Dilihat dari karakter masyarakat Indonesia yang sudah terlalu bebas pasca reformasi, maka sistem federasi terlihat lebih cocok. Sistem ini adalah bagian penting dari penegakan demokrasi. Setiap wilayah punya perbedaannya masing-masing, punya kearifan yang jauh berbeda dan punya cara yang berbeda dalam mengekspresikan potensi. Bila pilihan jatuh pada sistem pertama, maka Islam mampu menjadi sebuah konsep sekaligus pembentuk karakter yang mampu mengatur semua watak masyarakat. Islam punya panduan segala lini kehidupan, jadi cocok diterapkan sebagai sebuah sistem negara. Islam punya panduan mulai dari cara buang hajat, militer, ekonomi, politik, pemeririntahan dan segalanya.

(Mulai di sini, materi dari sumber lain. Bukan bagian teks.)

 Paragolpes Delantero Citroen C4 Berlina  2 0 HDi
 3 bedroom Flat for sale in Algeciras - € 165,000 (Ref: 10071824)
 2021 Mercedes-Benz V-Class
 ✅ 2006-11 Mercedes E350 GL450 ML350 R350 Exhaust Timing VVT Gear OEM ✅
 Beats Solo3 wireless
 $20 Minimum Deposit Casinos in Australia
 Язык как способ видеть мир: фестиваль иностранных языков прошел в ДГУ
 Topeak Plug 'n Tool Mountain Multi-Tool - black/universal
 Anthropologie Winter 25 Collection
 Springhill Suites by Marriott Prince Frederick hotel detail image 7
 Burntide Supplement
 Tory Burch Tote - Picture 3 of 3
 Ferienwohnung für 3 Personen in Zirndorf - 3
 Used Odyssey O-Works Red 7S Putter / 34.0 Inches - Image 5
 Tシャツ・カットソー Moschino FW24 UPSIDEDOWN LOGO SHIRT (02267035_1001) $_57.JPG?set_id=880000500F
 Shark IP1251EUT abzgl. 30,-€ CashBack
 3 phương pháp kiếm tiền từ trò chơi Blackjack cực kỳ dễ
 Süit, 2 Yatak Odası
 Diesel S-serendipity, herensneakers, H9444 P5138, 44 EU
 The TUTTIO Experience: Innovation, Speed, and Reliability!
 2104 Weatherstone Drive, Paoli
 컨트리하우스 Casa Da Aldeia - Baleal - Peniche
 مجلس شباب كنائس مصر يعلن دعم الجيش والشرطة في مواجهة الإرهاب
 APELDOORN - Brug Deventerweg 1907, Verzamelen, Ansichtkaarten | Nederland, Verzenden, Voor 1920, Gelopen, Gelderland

Untuk menerapkan Islam sebagai landasan Indonesia, terlebih dahulu kita harus mampu melihat Islam yang telanjang tanpa diselimuti dan disisipi unsur-unsur budaya manapun. Untuk dapat melihat "Islam telanjang" kita harus memisahkan mana Islam, mana budaya. Pemisahan antara kedua bagian ini dimaksudkan untuk agar dapat Islam dikonstruksi guna penerapan dalam: Indonesia sebagai negara maju.
Di sini kita perlu Epistemologi Islam dan Sosiologi Indonesia. Epistemologi Islam bekerja untuk "menelanjangkan" Islam dan menyadiakan "Islam telanjang" untuk diterapkan di Indonesia. Sosiologi Indonesia manyampaikan laporan sosiologi masyarakat Indonesia. Selanjutnya Sosiologi dan Epistemologi Islam secara bersamaan mengidentifikasi praktik-praktik dan nilai-nilai kebudayaan yang dapat merugikan Islam bila penghayatan dan pengamalannya dan menghapusnya dalam masyarakat.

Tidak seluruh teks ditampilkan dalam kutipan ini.